What to work on
Word for word, retype the lines from the one containing "Apartment-Sleeps3-HotTub-Patio - Londra - 7" to the one containing "Engineered Garments Knit" below, keeping both end lines and dropping the pictures.

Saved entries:
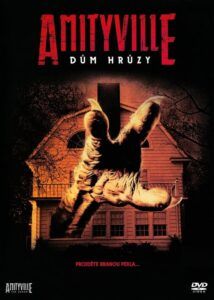 Amityville – Dům hrůzy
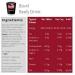Beef Flavour Hot Drink 15 x 6 Cups of 27g - 90 Winter Warmers - Just Add Boiling Water - Buy Online on GoSupps.com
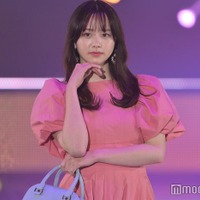 森香澄アナウンサー(C)モデルプレス
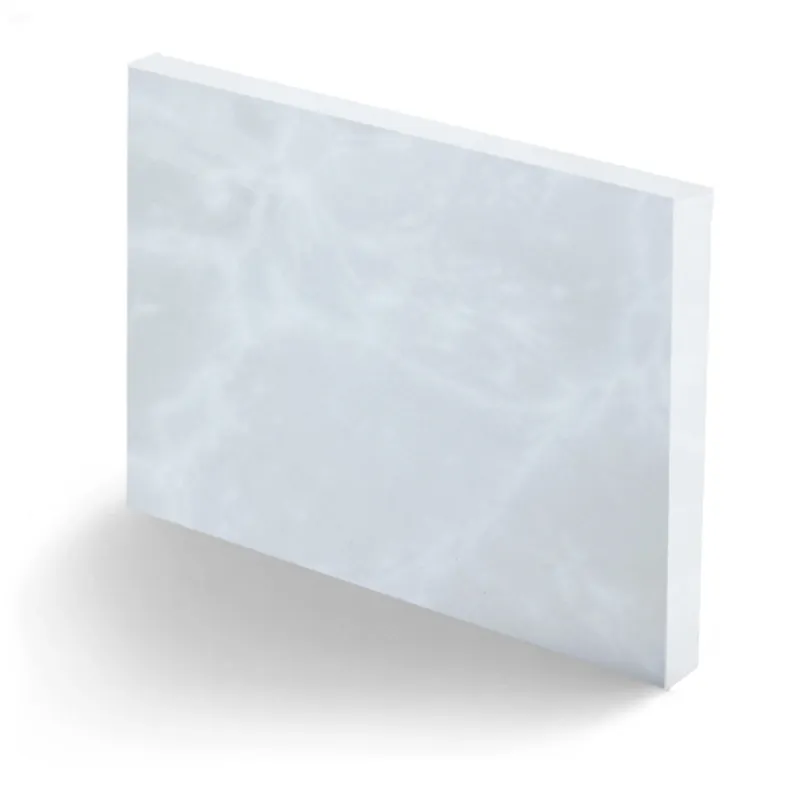 หินเทียมที่ทนทานและสามารถนำกลับมาใช้ใหม่ได้: เหมาะอย่างยิ่งสำหรับการออกแบบตามสั่งและการปรับปรุง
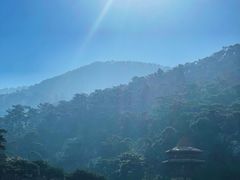 -徂徕山森林康养度假谷温泉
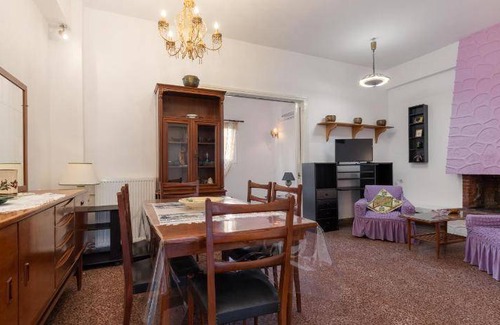 Salamis Villa | 100 m² Villa ∙ 2 bedrooms ∙ 7 guests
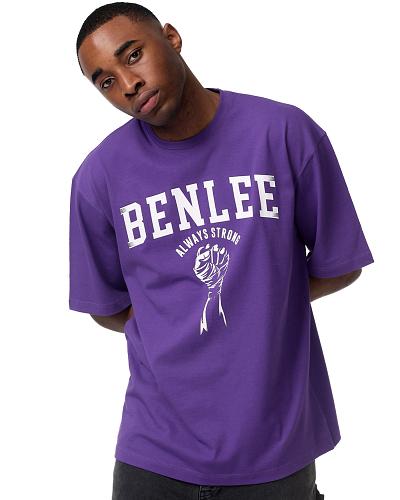BenLee loosefit t-shirt Lieden 1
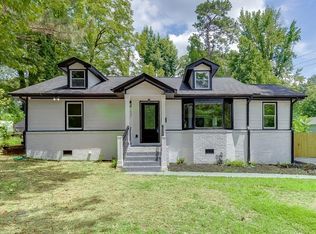 1423 Lynford Dr SW, Atlanta, GA 30310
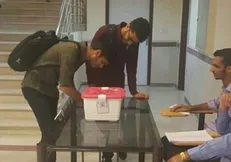 نتایج نوزدهمین دوره انتخابات شورای مرکزی انجمن اسلامی دانشجویان علوم پزشکی هرمزگان مشخص شد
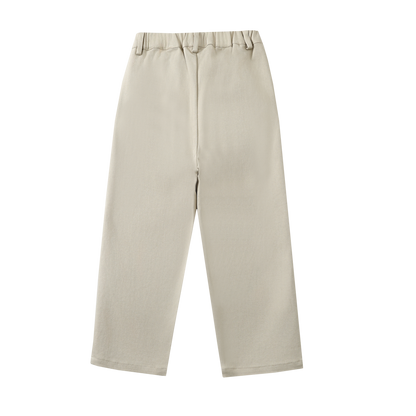 Donsje Amsterdam - Kassim Trousers | Bear - Pantaloni Orsetto
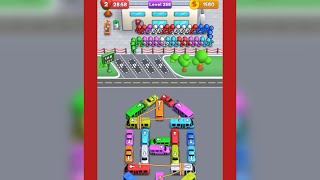CROWD EXPRESS – LEVEL 258 – SOLUTION WALKTHROUGH Profile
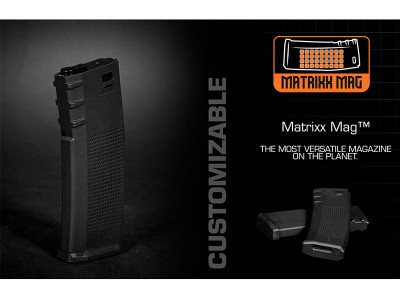 M4 Ghost XS EMR A Carbontech Evolution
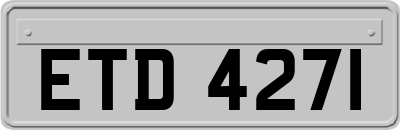 ETD4271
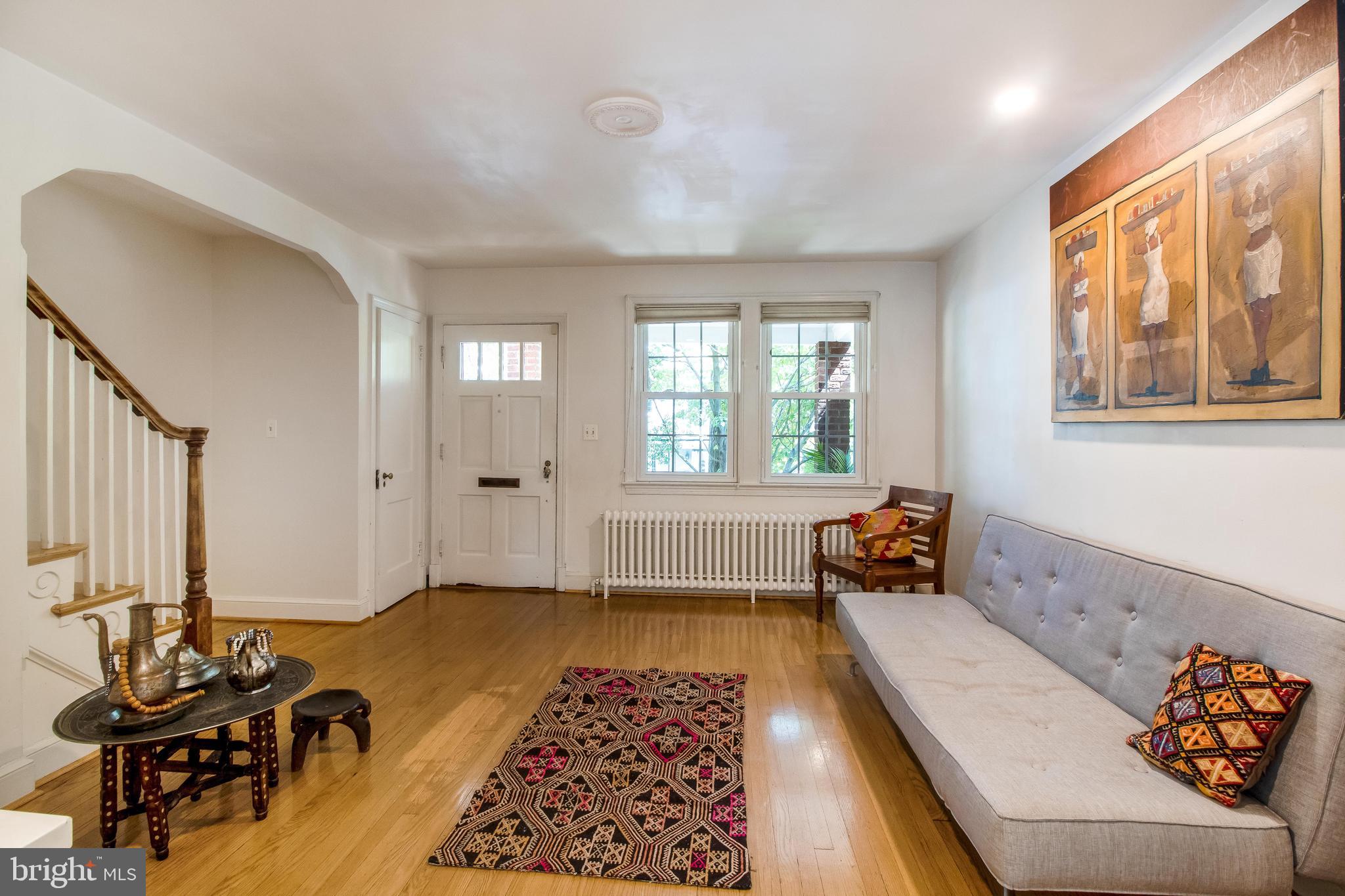 2224 Observatory Place Northwest Washington, DC 20007 - Photo 3 of 17 Gallery Image 3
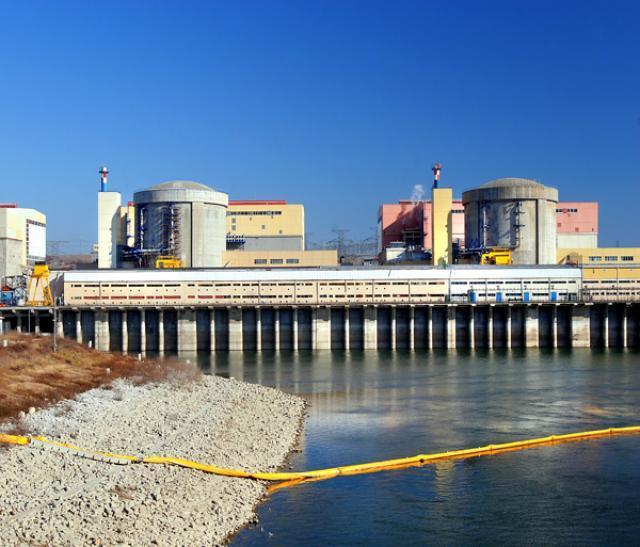 Nuclearelectrica şi China General Nuclear Power Corporation au semnat prelungirea scrisorii de intenţie privind reactoarele 3 şi 4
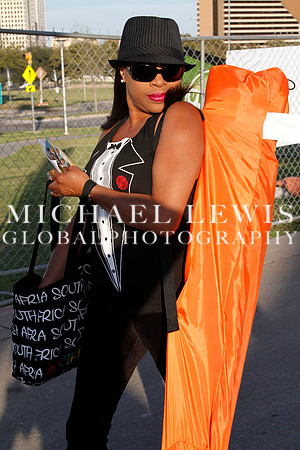 Austin Urban Music Festival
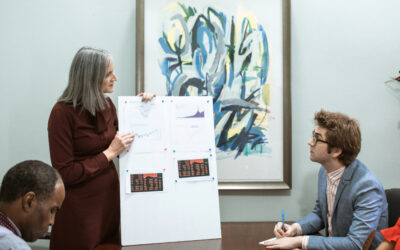 Breaking Barriers: The Uphill Battle for Women Leaders in Advancement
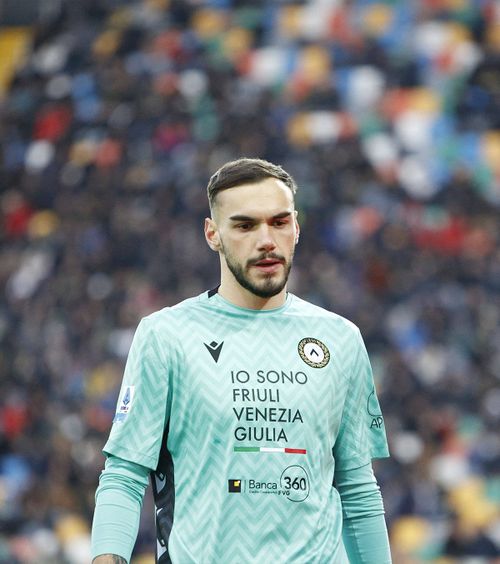 „Totul a fost diferit”  Răzvan Sava, comparație între   Liga 1 și Serie A  » S-ar mai întoarce în România?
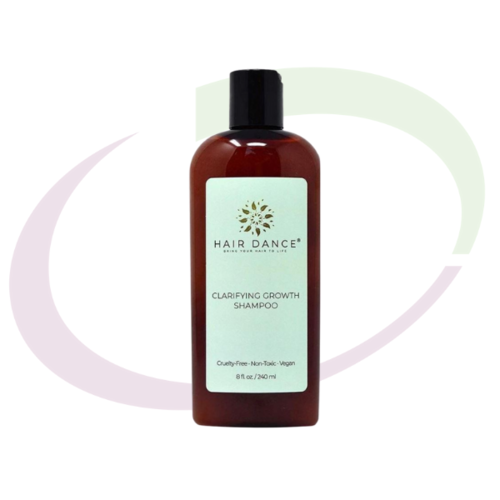 Clarifying Growth Shampoo - Travel Size Clarifying Growth Shampoo - Travel Size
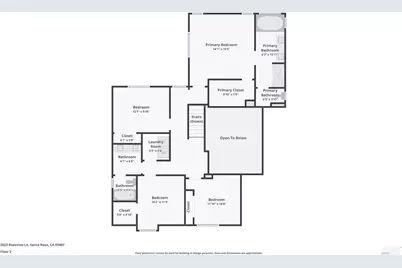 2623 Rosevine Lane, Santa Rosa, CA 95407 - Photo 40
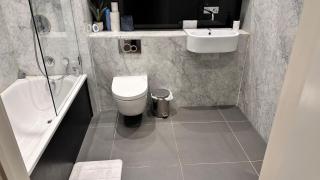 Apartment-Sleeps3-HotTub-Patio - Londra - 7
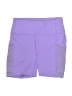 Fabletics Purple Athletic Shorts Size XS (estimated) - photo 1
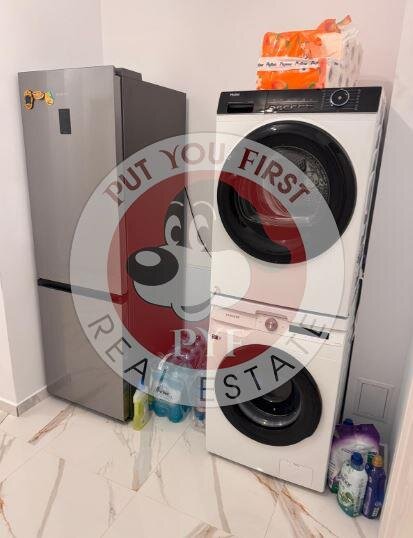 Metalurgiei | Apartament 3 camere | decomandat | 87mp | B11015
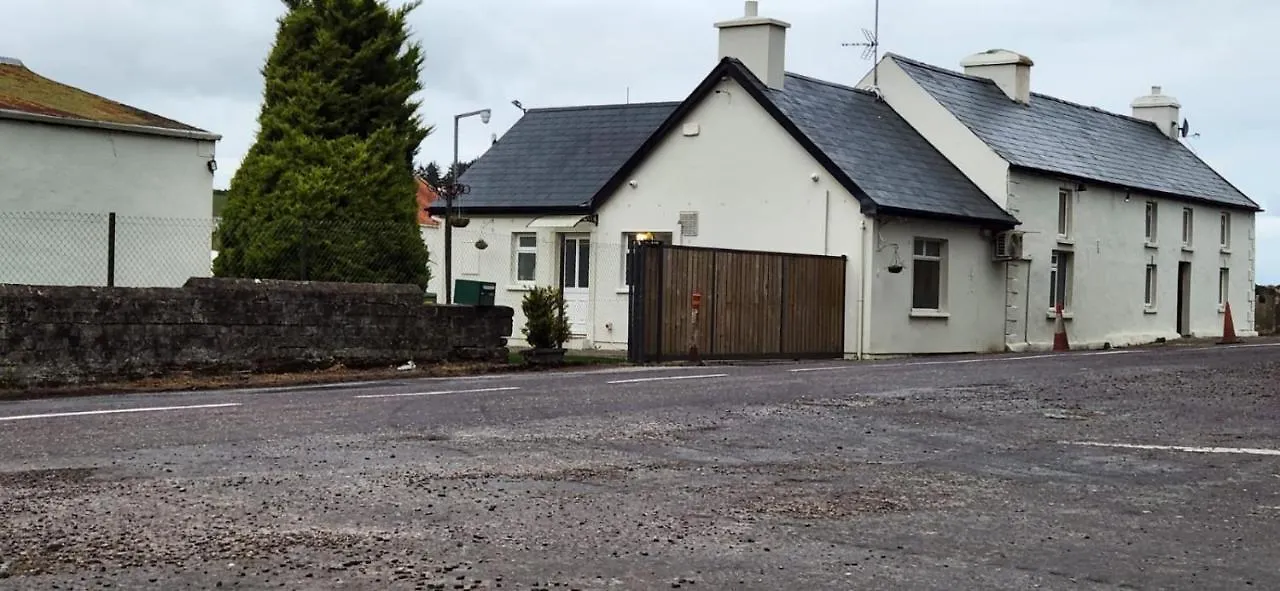 Peacock Farms Estate Aparthotel Crookstown
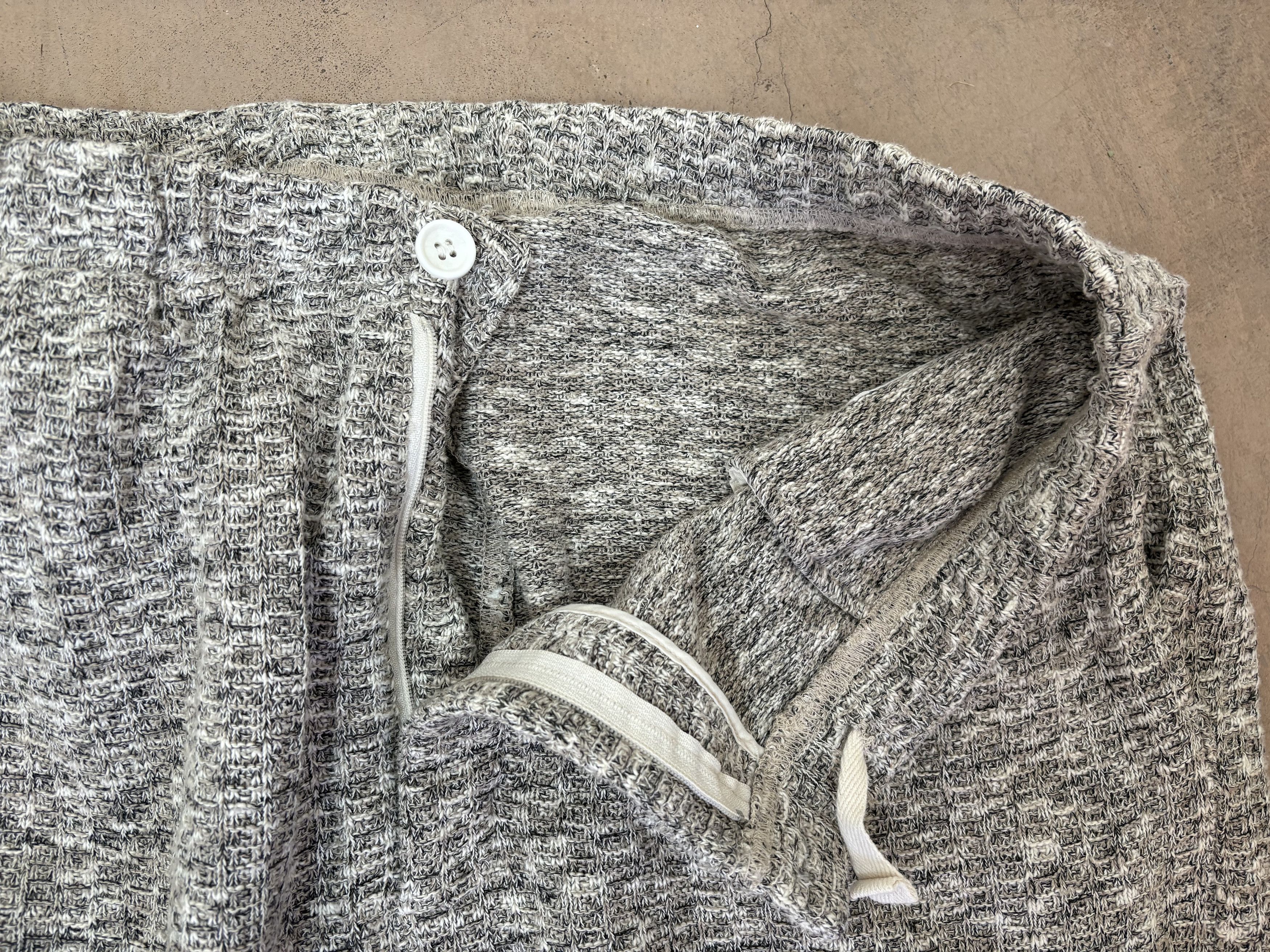 Engineered Garments Knit pants Size US 34 / EU 50 - 3 Thumbnail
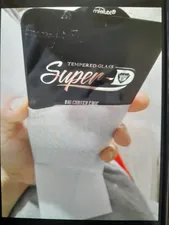 تجریه خرید محافظ صفحه نمایش میتوبل مدل SUPER-D مناسب برای گوشی سامسونگ GALAXY A20/A30/A30s/A50/A50s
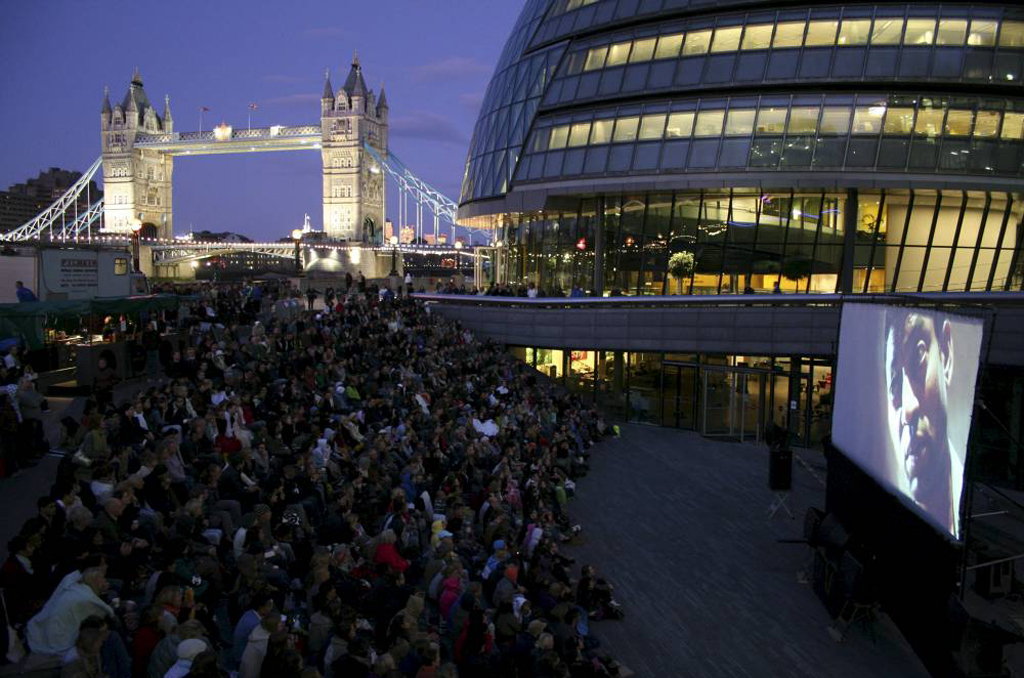 Third E Tower Bridge Health And Beauty In London Report A Map Error Gallery London Bridge Revealed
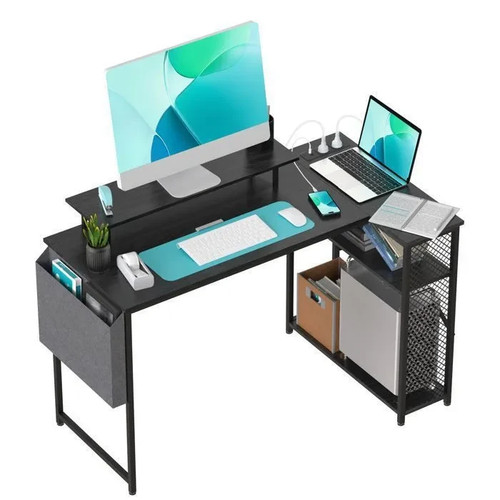 Bureau angle pour - bureau, d'angle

Answer box
 Apartment-Sleeps3-HotTub-Patio - Londra - 7
 Fabletics Purple Athletic Shorts Size XS (estimated) - photo 1
 Metalurgiei | Apartament 3 camere | decomandat | 87mp | B11015
 Peacock Farms Estate Aparthotel Crookstown
 Engineered Garments Knit pants Size US 34 / EU 50 - 3 Thumbnail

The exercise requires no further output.